(Input data)
[Start of section]
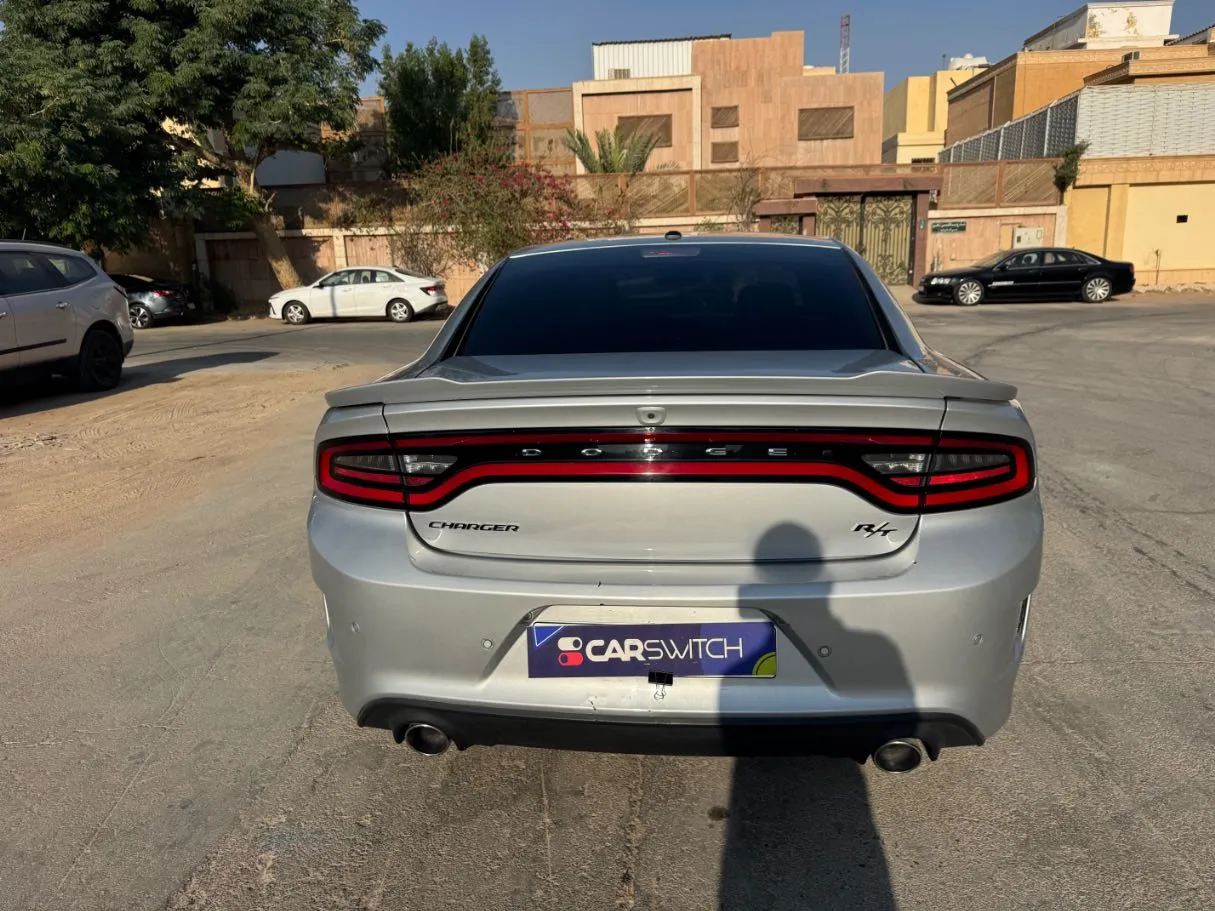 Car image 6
[End of section]
[Start of section]
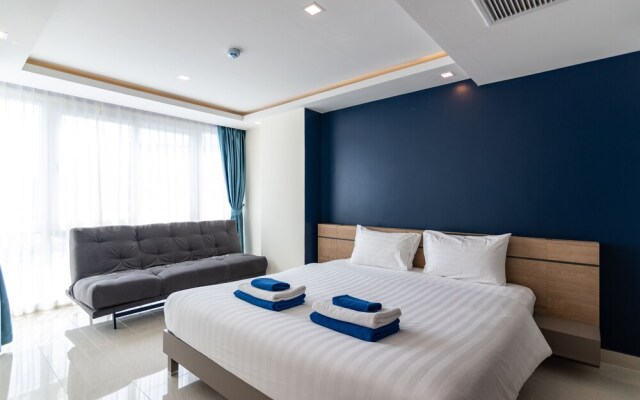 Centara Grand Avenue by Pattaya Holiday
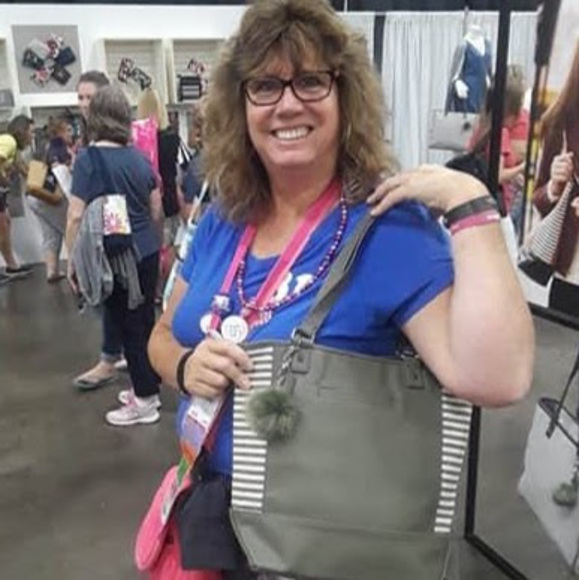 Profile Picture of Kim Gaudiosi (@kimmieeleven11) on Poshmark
[End of section]
[Start of section]
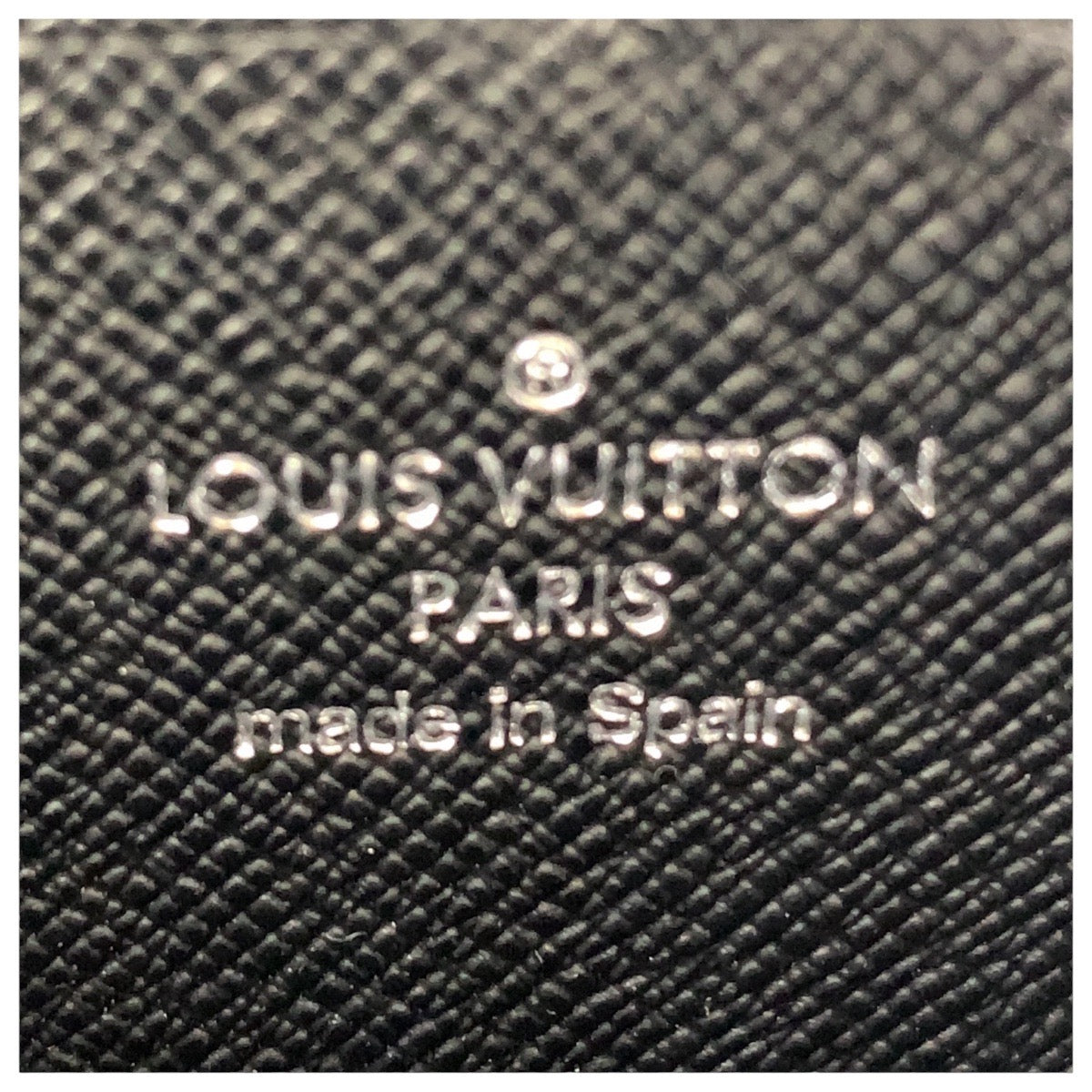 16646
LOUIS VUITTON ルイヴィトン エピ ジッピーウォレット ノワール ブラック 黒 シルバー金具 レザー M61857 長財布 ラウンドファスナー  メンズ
[End of section]
(What you have to do)
Above are the records; copy from them only the lines starting at the one containing "Centara Grand Avenue by Pattaya Holiday" and ending at the one containing "Profile Picture of", exactly and without pictures.

(Answer section)
 Centara Grand Avenue by Pattaya Holiday
 Profile Picture of Kim Gaudiosi (@kimmieeleven11) on Poshmark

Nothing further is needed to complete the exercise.